If this suggestion is correct,it would explain why the so-called daughters of Brychan
became so well known.Families or tribes of Picts moved from the Highlands of Scotland after the Romans left, down to South
Wales and settled in the Brecon Beacons. After all, they were highland people,raised in the mountains of Scotland,not lowland
people. They spread out over the Brecon Beacons, clearing areas of the forests and
building new villages or llannau.
They were not physically daughters of Brychan.Each of these women was the head of a family or a clan. Brychan's mother
Marchell was probably the head of a Pictish family which settled near Brecon ,which explains why she was more important than
her husband.After these Pictish settlers had colonised the Brecon Beacons they wanted to protect themselves from attack by
other tribes, so the various families got together and elected Brychan as their king. His job was to safeguard and defend
the new kingdom of Breconshire. Although he was recognised as the ruler of Breconshire, the families within Breconshire carried
on in the old tradition,with women being the heads of each of the families or settlements.Only the Picts had women as heads
of families,other settlers had men at the top,which explains
why so many llannau in Breconshire and the Beacons
were named after women whereas llannau built by other settlers elsewhere were named after men.

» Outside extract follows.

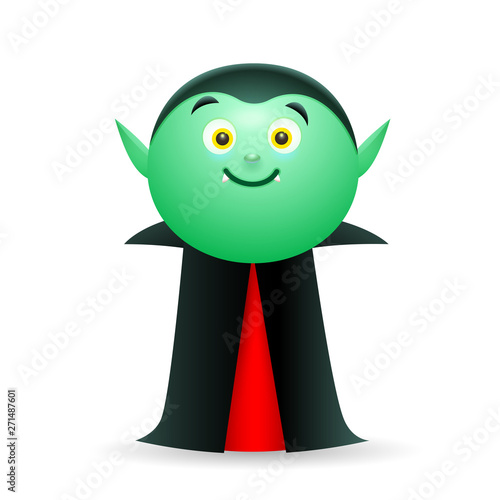 Smiling vampire wearing cape. Positive Halloween monster with green face and sharp teeth. Can be used for topics like cartoon character, horror, fantasy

Brychan's daughters were not saints at all.Neither were any of the other people who had llannau named after them in the
fifth and sixth centuries.Centuries later,when the word llan had changed its meaning from settlement to church,it was thought
that those people-both male and female-who had given their name to a llan, had built a church rather than a village,and these
people were then considered to be saints.
When the traditions about Brychan and the women of Breconshire
were finally written down about six hundred years later,women had by then lost their position in society.Norman culture
was all about men - the King, barons, knights, serfs and so on,and women were by then the possession of men and did
not not have a voice of their own.
To a Norman it would be unthinkable that women once were
heads of families and landowners,and that land had been handed down from mother to daughter.So the tales became confused
and the female heads of families became church builders and saints.
They must have been daughters of the king rather
than independent landowners.
Another factor would have been the arrival of Christianity. With the Celts women were
equal and there are tales of women being druidesses. Some Celtic women such as Boadicea, led armies into battle. But
Christianity thought that women were a distraction. They should cover their hair and sit at the back of the church. It is
only very recently that the Anglican Church has allowed women into the priesthood,and Roman Catholicism still does not allow
women to become priests. Roman Catholic priests are expected to stay celibate because women would distract them from their
duties. Christianity followed St Paul and considered women secondary to men. any other religions such as Islam and Hinduism
also consider women inferior to men.As Christianity spread through Wales, women were pushed downwards.Under Christianity it
has taken fifteen hundred years for women to reach equality again with men.